R. M. : Je n’ai pas du tout l’intention de m’en éloigner : Gaston de Saporta en centre-ville, est l’ancienne Université de Provence ; l’espace Marceau Long, accueille des salles de cours et des bureaux administratifs ; et l’espace Philippe Séguin, dans les locaux de l’ancien hospice des Petites sœurs des pauvres, avenue Jean-Dalmas, va connaître des travaux importants.

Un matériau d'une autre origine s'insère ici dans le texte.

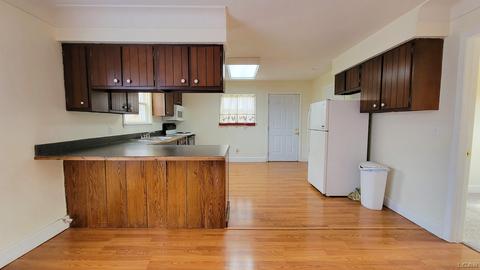 1205 W Carleton, Adrian, MI 49221 photo 6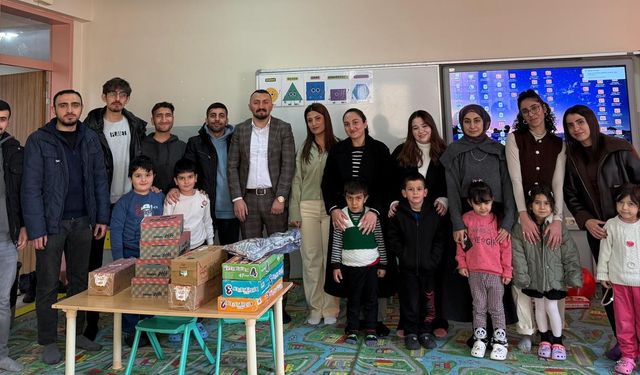 Afşin Sağlık Yüksekokulundan Köy Okuluna Kütüphane Desteği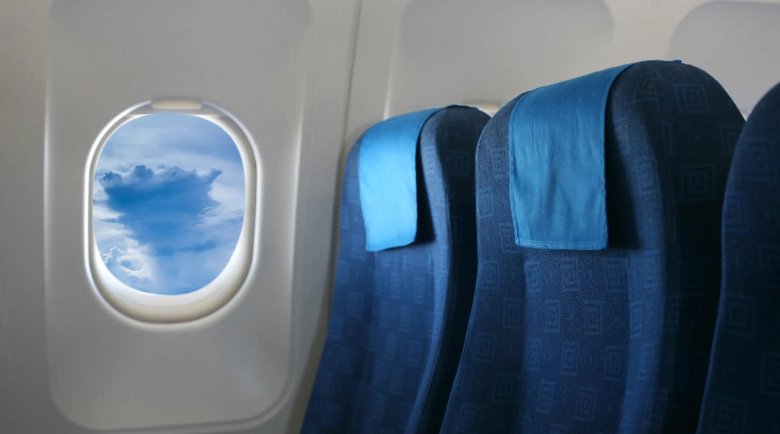 Иллюминатор самолета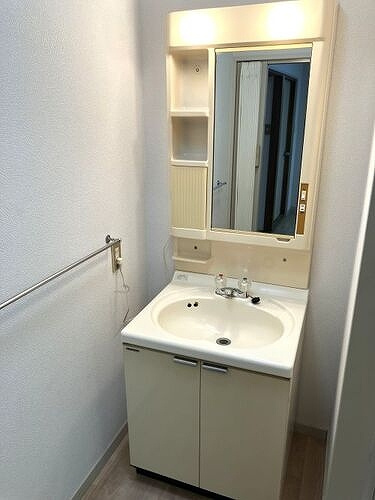 北町コーポ３号棟の洗面所|洗面台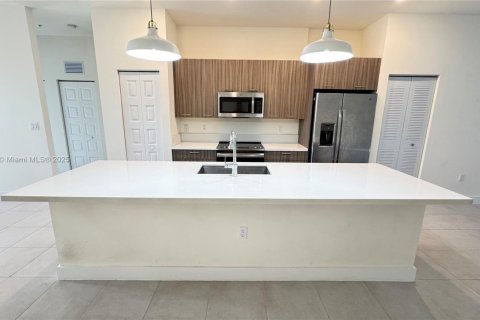 Condo in Doral, Florida, 3 bedrooms  № 1948575 - photo 4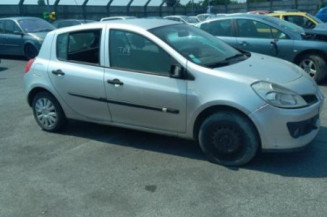 Porte avant gauche RENAULT CLIO 3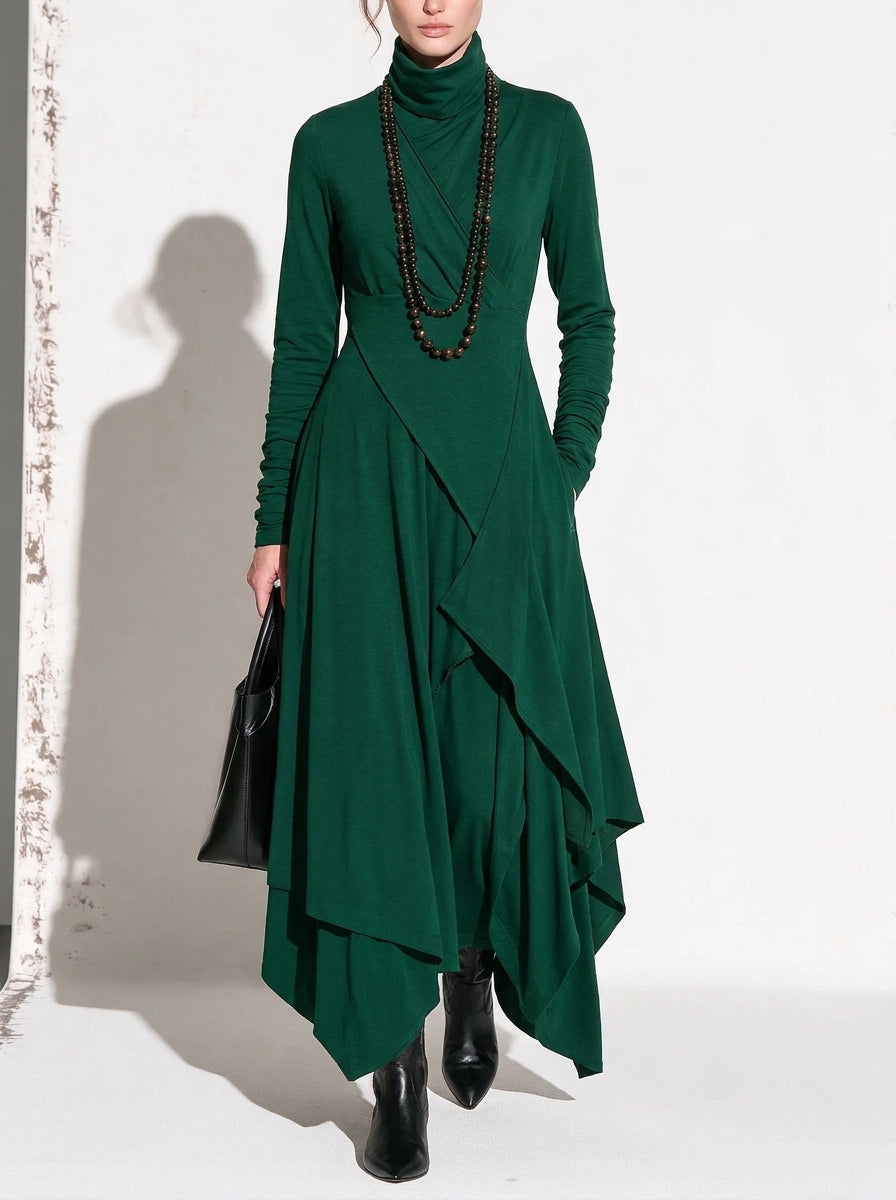 Patricia | Robe Maxi Fluide à Col Montant et Drapé Asymétrique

Le 3e point sur lequel je suis très attentif, c’est la professionnalisation de nos étudiants, pour faire en sorte qu’ils acquièrent une culture générale qui est la marque de fabrique de l’établissement des savoirs disciplinaires reconnu en droit, en économie, en sciences politiques, en sociologie etc. Des compétences transverses qui assurent l’employabilité de nos étudiants. Mon rôle, c’est de faire en sorte que nos étudiants trouvent du travail, rapidement au bon niveau de responsabilité et au bon niveau de rémunération.
Quels liens avez-vous avec les entreprises ?

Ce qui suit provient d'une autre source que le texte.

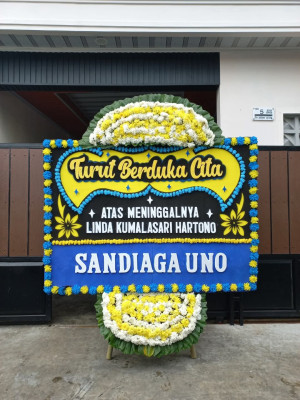 Papan Bunga Duka di Alai Parak Kopi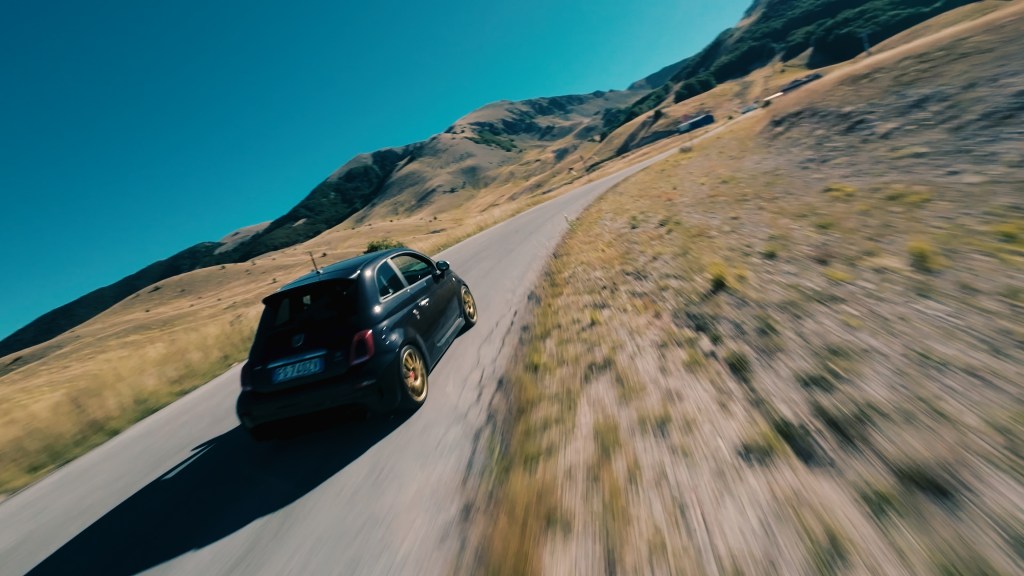 Ripresa con drone FPV di auto in corsa tra le strade dell'Abruzzo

R. M. : C’est ce que j’entends par professionnalisation : 70 % de nos étudiants vont dans le privé, donc notre formation doit être adaptée à cette évolution. Sans oublier que 30 % d’entre eux continuent à passer les concours de la haute fonction publique. Par conséquent, nous devons trouver un modèle équilibré.

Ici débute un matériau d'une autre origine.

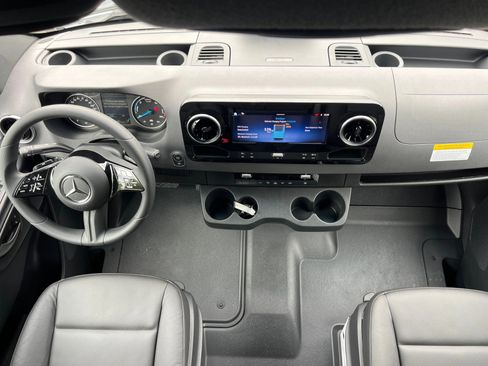 New 2025 Mercedes-Benz eSprinter 170 Cargo image 16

Nous ne sommes pas une école de commerce et nous ne le serons jamais. En revanche, il m’a semblé assez rapidement utile et intelligent de nouer des partenariats avec un nombre d’écoles de commerce reconnues de manière que nos étudiants qui souhaitent acquérir des compétences que nous ne pouvons pas leur donner puissent le faire dans de bonnes conditions auprès de ces écoles. Nous avons construit des diplômes communs avec Kedge, avec Audencia, avec Skéma. Nous ne changeons pas de nature, mais nous travaillons avec des établissements qui permettent de donner à nos étudiants des compétences qui seront utiles à leur insertion professionnelle.
Vous n’avez pas cité l’IAE (Institut d’administration des entreprises) de Puyricard ?
R. M. : Nous n’avons pas aujourd’hui de relations formalisées avec l’IAE. En revanche, nous avons des relations tout à fait amicales au sein de la Conférence régionale des grandes écoles dont je suis président. C’est une école de management reconnue. Ça ne s’est pas fait jusqu’à présent, mais ça ne ça ne relève pas du tout du registre de l’impossible. J’en serais personnellement tout à fait ravi.
Comment vous situez-vous par rapport aux autres IEP ?
R. M. : Nous appartenons à un réseau qui a fait de la solidarité le principe cardinal de son fonctionnement. La famille des IEP, c’est dix établissements. Nous partageons la marque qui est détenue par Sciences Po Paris, nous avons une convention de marque avec Sciences Po Paris qui nous permet de l’utiliser, nous sommes coresponsables de cette marque à neuf. Il y a neuf établissements en région, dont sept qui partagent le même concours d’accès. Nos relations sont essentiellement des relations de solidarité, donc nous évitons d’établir des classements entre nous. Nous partageons un modèle de formation qui est convergent, chacun ayant ses spécificités,
Quelles sont les spécificités de Sciences Po Aix ?
R. M. : Nous travaillons sur le monde euroméditerranéen, nous avons également une formation très performante dans le secteur de la culture et enfin, nous sommes très en pointe sur les sujets en lien avec la défense et la sécurité, notamment avec un master qui est tout à fait unique en France, emblématique : un master sur le renseignement. C’est un master qui est soutenu par la communauté du renseignement, il est ouvert à la fois à nos étudiants dans le cadre de leur formation continue et à des cadres du privé. L’ambition de ce master n’étant pas de former les agents secrets. L’idée est de favoriser l’émergence d’une culture française du renseignement, comme c’est le cas dans les pays anglo-saxons.
Ce master est porté par le Professeur Walter Bruyère-Ostells, et le Général de corps d’armée aérienne Serge Cholley, dont l’expérience d’officier renseignement de spécialité́ est gage d’une expertise et d’une connaissance de ces enjeux.
Pour conclure, Sciences Po Aix en chiffres ?
R. M. : Nous avons 1 800 étudiants, 147 membres du personnel, dont une cinquantaine d’enseignants titulaires et des personnels administratifs, mais on a près de 420 vacataires qui viennent du monde de l’expertise ou du secteur professionnel.